The man was now standing behind her, holding the box. She turned, took it from him, and dumped it flat on the back seat.
"Thank God for that." She stood up straight as he took a step back. "Is it something to do with the flat?"
"No, no." The other's face changed, as if he realized that she was mistaking him completely. "No, I am sorry. I am a friend of your mother from Petersburg. I know your mother very well. Today I was going to speak with your brother about this, about her. He said you would both be here."

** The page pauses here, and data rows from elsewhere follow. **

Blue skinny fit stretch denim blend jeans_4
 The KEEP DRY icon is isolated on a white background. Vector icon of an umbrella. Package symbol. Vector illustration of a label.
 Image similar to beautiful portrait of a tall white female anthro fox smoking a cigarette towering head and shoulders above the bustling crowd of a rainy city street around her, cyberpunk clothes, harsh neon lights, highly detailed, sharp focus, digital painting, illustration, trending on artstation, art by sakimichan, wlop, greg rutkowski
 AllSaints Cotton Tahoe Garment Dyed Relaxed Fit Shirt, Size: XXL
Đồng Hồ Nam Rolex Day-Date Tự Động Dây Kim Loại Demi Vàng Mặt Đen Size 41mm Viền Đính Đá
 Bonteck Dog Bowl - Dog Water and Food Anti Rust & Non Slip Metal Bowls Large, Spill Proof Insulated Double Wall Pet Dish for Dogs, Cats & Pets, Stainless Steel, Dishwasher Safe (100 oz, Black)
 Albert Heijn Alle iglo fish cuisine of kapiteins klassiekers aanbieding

"Oh. Oh God, sorry." She wanted to send Adam home alone. She considered a second. No, it simply wasn't fair. Her curiosity was burning her up now, though, and she felt her neck going red. She must get his number and organize another time. Gabriel should be there too. The guy's English was better than she had first thought. She softened her tone. "Oh, I see...Sorry. What a balls-up." She put her hand through her hair. "It's just a very bad day today. My brother is—Gabriel is—moving out because he and his girlfriend, Lina, are splitting up. For a while."
"I used to practice on your mother's piano at her apartment on the Griboedova in St. Petersburg."
"You are a musician?" Why hadn't Gabriel told her anything about this?
"Yes. I play the piano. She ... she said to me many things about you. We were supposed to talk together today."
"Ri
ght, right, right. Oh, well, we have to arrange another time." She glanced at the car. A scaffolding truck was turning into the road. It would not be able to get past. "I—we—would love to meet up. We really would. Is there a number I can call you on? I'm so sorry about this."
"No. I—I—I do not have a phone."
"Okay. Is there a way of getting in touch with you?"
His head fell and he seemed to be looking at his feet.
"How about ... how about this Friday?" Give Gabriel some time, she thought; yes, he would want to be there. "Erm ... whereabouts are you based?"
"I do not understand." He looked up again.
"Where are you staying?"
"Oh, near Harrow Road."
"Well, to be honest, the simplest thing to do is say ... seven-thirty on Friday evening ... at Kentish Town tube. I will definitely be there. Hang on a sec." She opened the passenger door, reached pen and paper out of her bag, apologized to Adam again, and scribbled down her cell phone number on a piece of paper. The scaffolding truck pulled up behind the car. "This is my number. Call me anytime to confirm. I promise I will be there. Friday, Kentish Town at seven-thirty. What's your e-mail?"
He told her an address.
"Write it down." She handed him the pen.
The driver leaned out of the window of the truck. "Oy, love, how long you gonna be? We've got houses to rob."